> **Your instructions**
Please reproduce the entire listing, character for character.

*** Exercise data Section Begins ***

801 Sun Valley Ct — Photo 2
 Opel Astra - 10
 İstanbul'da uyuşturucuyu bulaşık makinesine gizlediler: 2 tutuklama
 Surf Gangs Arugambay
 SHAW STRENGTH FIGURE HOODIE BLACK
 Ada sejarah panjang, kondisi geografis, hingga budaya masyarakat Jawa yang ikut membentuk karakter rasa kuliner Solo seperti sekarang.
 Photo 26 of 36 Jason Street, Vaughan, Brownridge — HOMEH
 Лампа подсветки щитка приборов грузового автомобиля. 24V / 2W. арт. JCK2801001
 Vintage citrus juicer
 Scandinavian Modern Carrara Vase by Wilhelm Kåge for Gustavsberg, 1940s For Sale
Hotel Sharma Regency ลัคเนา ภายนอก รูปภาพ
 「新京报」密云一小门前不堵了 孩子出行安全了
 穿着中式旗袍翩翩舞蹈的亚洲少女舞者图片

*** Exercise data Section Ends ***

> **Output of the exercise**
801 Sun Valley Ct — Photo 2
 Opel Astra - 10
 İstanbul'da uyuşturucuyu bulaşık makinesine gizlediler: 2 tutuklama
 Surf Gangs Arugambay
 SHAW STRENGTH FIGURE HOODIE BLACK
 Ada sejarah panjang, kondisi geografis, hingga budaya masyarakat Jawa yang ikut membentuk karakter rasa kuliner Solo seperti sekarang.
 Photo 26 of 36 Jason Street, Vaughan, Brownridge — HOMEH
 Лампа подсветки щитка приборов грузового автомобиля. 24V / 2W. арт. JCK2801001
 Vintage citrus juicer
 Scandinavian Modern Carrara Vase by Wilhelm Kåge for Gustavsberg, 1940s For Sale
Hotel Sharma Regency ลัคเนา ภายนอก รูปภาพ
 「新京报」密云一小门前不堵了 孩子出行安全了
 穿着中式旗袍翩翩舞蹈的亚洲少女舞者图片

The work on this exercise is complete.